RECORDS SHOWN |
________________________

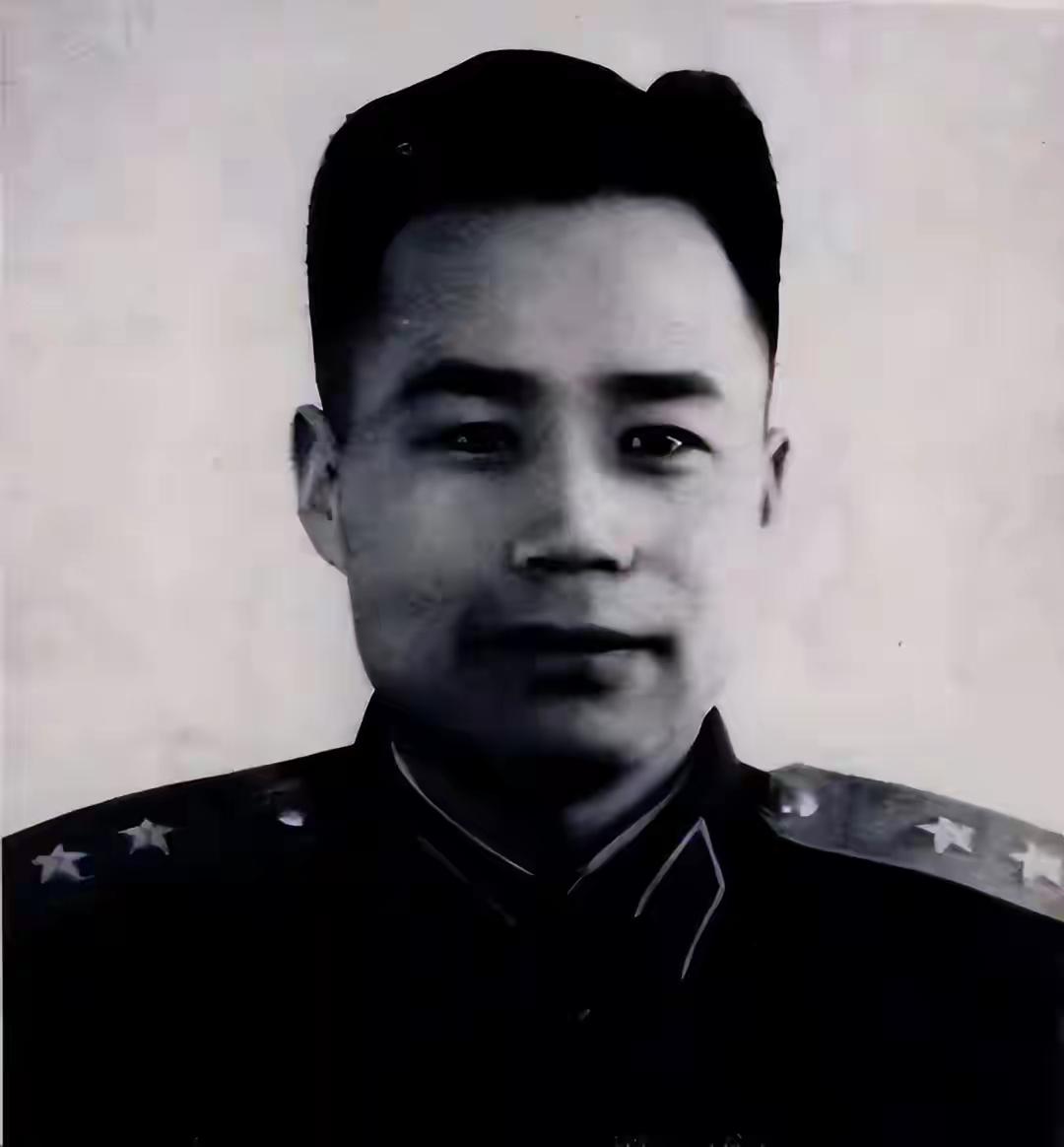 王近山来南京军区后，许世友对一项安排很不满：把我的房子腾给他。

这话传出来的时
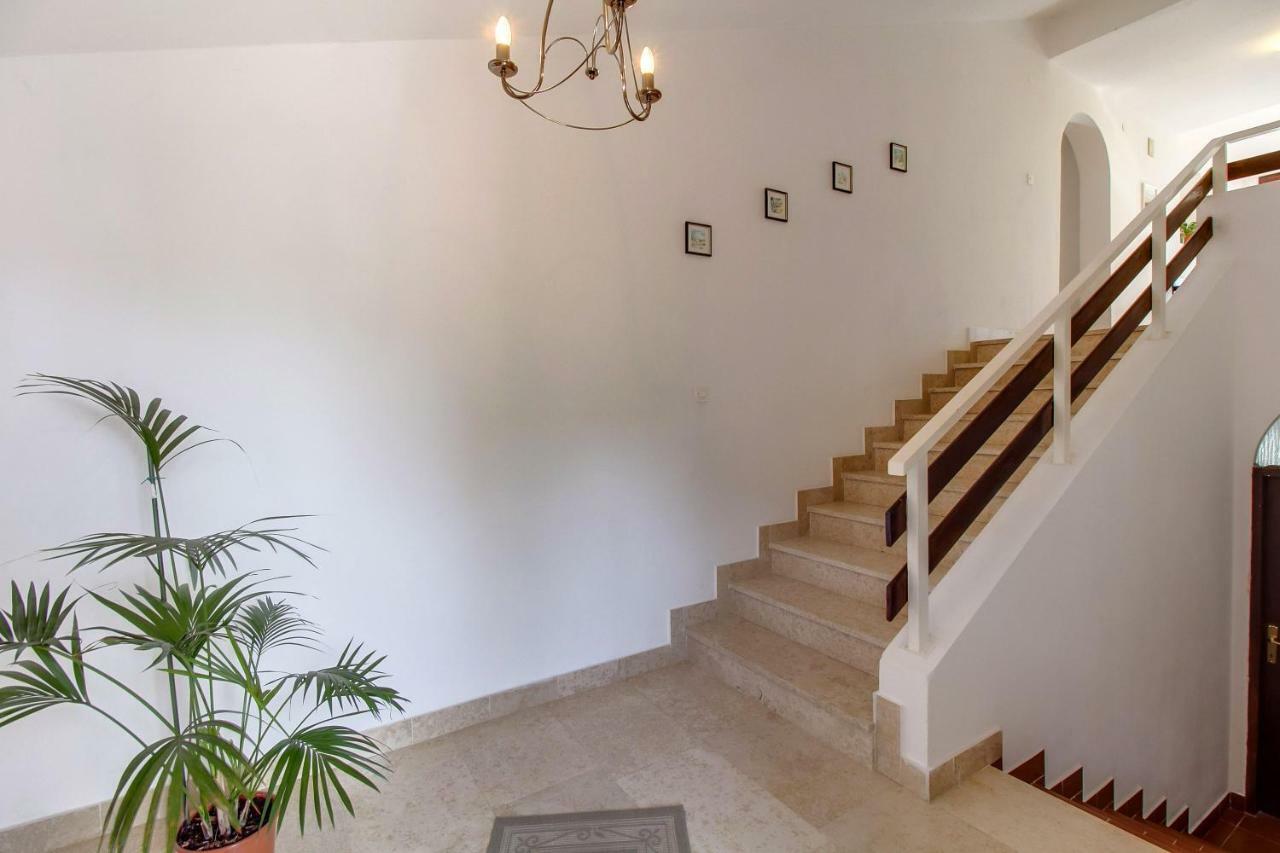 Apartments Mirella Мали-Лошинь Экстерьер фото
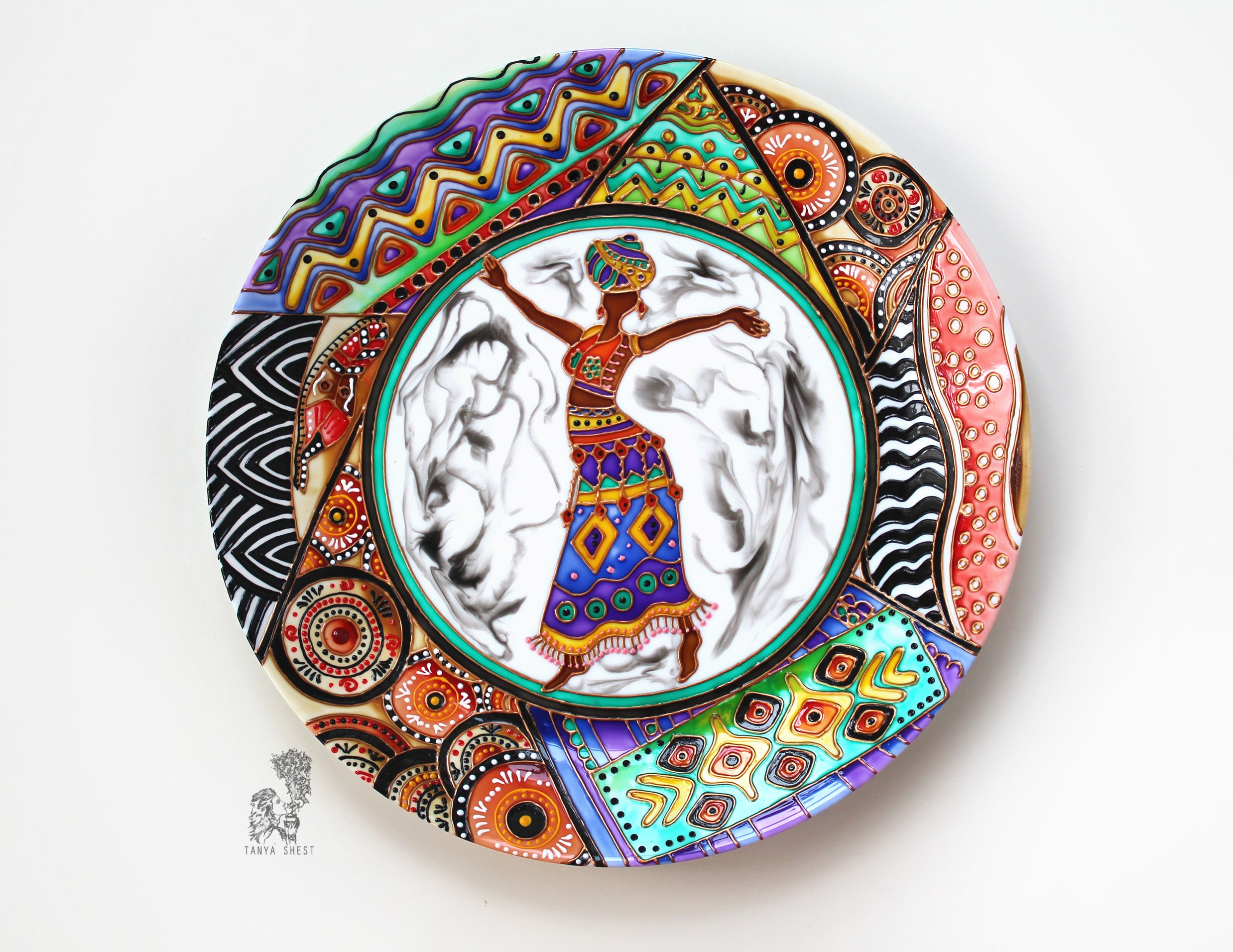Тарелка декоративная в африканском стиле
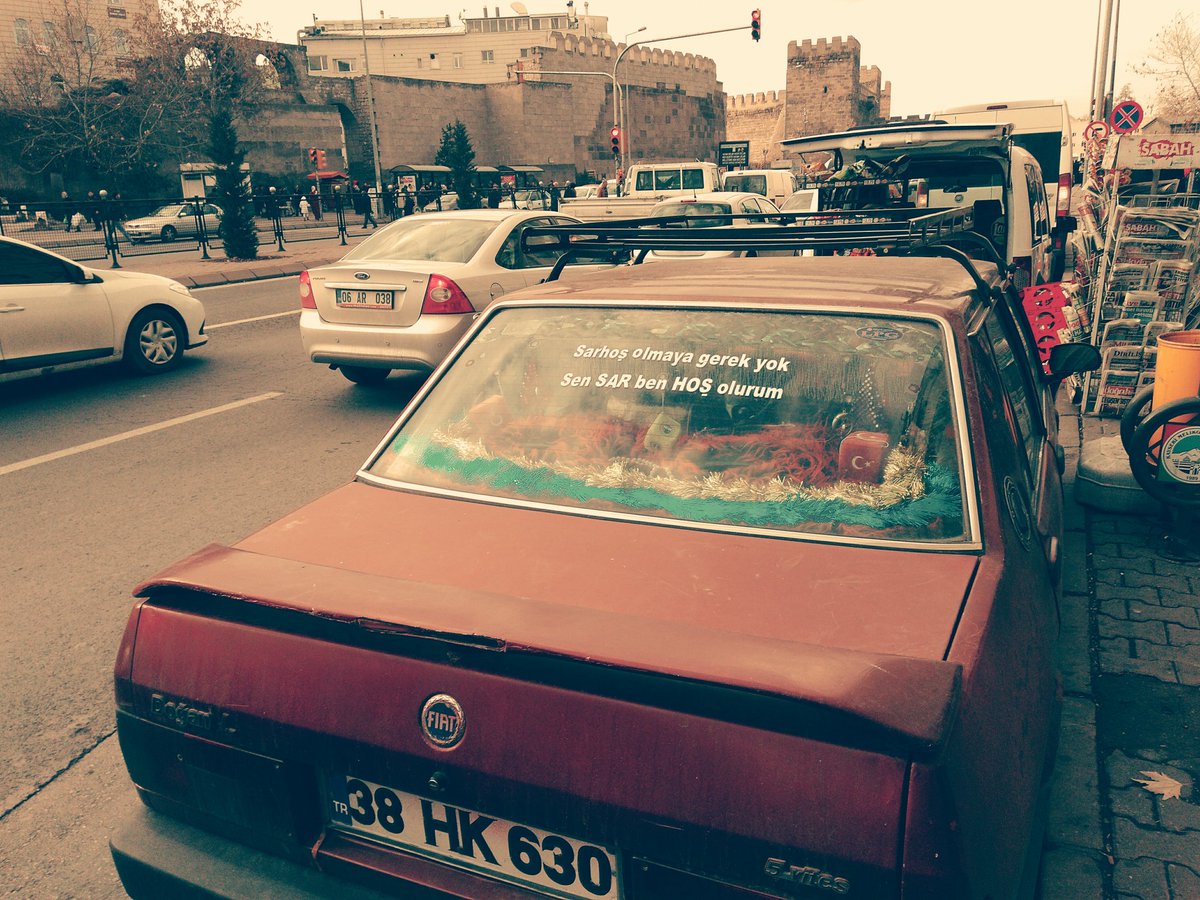 Eğitim için geldiğimiz Kayseri'den;
"Sarhoş olmaya gerek yok 
Sen SAR ben HOŞ olurum ...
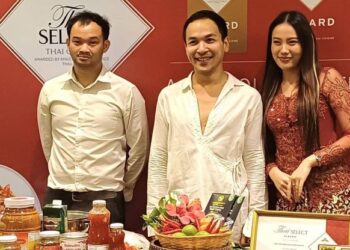 WORAWAN Wanwil (tengah) dalam satu majlis baru-baru ini.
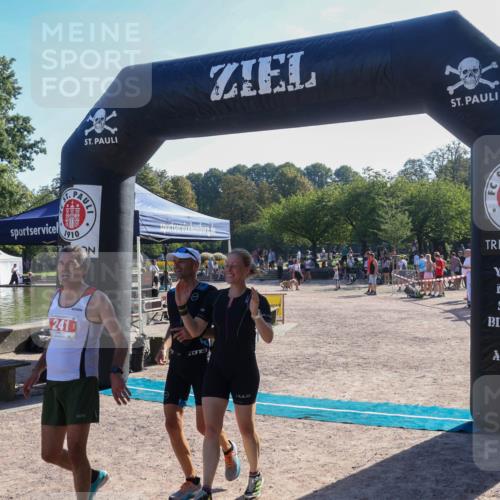 08.09.2024 - Stadtparktriathlon Luisa Fischer http://msf.ph/oto/7033980 08.09.2024 10:43:54 Ziel 241 meine-sportfotos.de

________________________

WHAT IS NEEDED | Pictures aside, reproduce exactly the lines from the one containing "Тарелка декоративная в африканском стиле" to the end of the listing above, both ends included.

REPLY TO THE TASK |
Тарелка декоративная в африканском стиле
 Eğitim için geldiğimiz Kayseri'den;
"Sarhoş olmaya gerek yok 
Sen SAR ben HOŞ olurum ...
 WORAWAN Wanwil (tengah) dalam satu majlis baru-baru ini.
 08.09.2024 - Stadtparktriathlon Luisa Fischer http://msf.ph/oto/7033980 08.09.2024 10:43:54 Ziel 241 meine-sportfotos.de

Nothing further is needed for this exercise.